Wenn Sie Lösungsbenutzerzertifikate bei großen Bereitstellungen auflisten, enthält die Ausgabe von dir-cli list alle Lösungsbenutzer aus allen Knoten. Führen Sie vmafd-cli get-machine-id --server-name localhost aus, um für jeden Host nach der lokalen Maschinen-ID zu suchen. Jeder Lösungsbenutzername enthält die Maschinen-ID.

vSphere Certificate Manager

vSphere Certificate Manager können Sie auf jeder Maschine ausführen. Auf Verwaltungsknoten werden Sie zur Eingabe der IP-Adresse des Platform Services Controller aufgefordert. In Abhängigkeit von der ausgeführten Aufgabe werden Sie auch zur Eingabe der Zertifikatinformationen aufgefordert.

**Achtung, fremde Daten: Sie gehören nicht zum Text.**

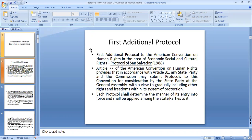Regarding the first protocol: the American Convention on Human Rights was restricted only to civil and political rights and did not deal with economic, social and cultural rights. Therefore, in order to safeguard economic, social and cultural rights, the state parties felt the need to include those rights so they could be realized and made available to the people of the American states. In pursuance of this, they made the first additional protocol, also known as the Protocol of San Salvador.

Manuelle Zertifikatsersetzung

  1. Generieren Sie ein Zertifikat oder fordern Sie ein Zertifikat an. Sie benötigen die folgenden Zertifikate:

    • Ein Zertifikat für den Lösungsbenutzer „machine“ auf dem Platform Services Controller.

    • Ein Zertifikat für den Lösungsbenutzer „machine“ auf jedem Verwaltungsknoten.

    • Ein Zertifikat für jeden der folgenden Lösungsbenutzer auf jedem Verwaltungsknoten:

      • Benutzer vpxd solution

      • Lösungsbenutzer vpxd-extension

      • Lösungsbenutzer vsphere-webclient

  2. Ersetzen Sie die Zertifikate auf jedem Knoten. Die genaue Vorgehensweise hängt vom verwendeten Zertifikatsersetzungstyp ab. Siehe Verwalten von Zertifikaten mit dem Dienstprogramm vSphere Certificate Manager.

Weitere Informationen finden Sie in den folgenden Themen:

Zertifikatsersetzung in Umgebungen mit externen Lösungen

Einige Lösungen wie beispielsweise VMware vCenter Site Recovery Manager oder VMware vSphere Replication werden immer auf einem anderen Computer als das vCenter Server-System oder Platform Services Controller installiert. Beim Ersetzen des Standard-SSL-Zertifikats des Rechners auf dem vCenter Server-System oder dem Platform Services Controller, tritt ein Verbindungsfehler auf, falls die Lösung versucht, sich mit dem vCenter Server-System zu verbinden.

Sie können das Skript ls_update_certs ausführen, um das Problem zu beheben. Details finden Sie im VMware-Knowledgebase-Artikel 2109074.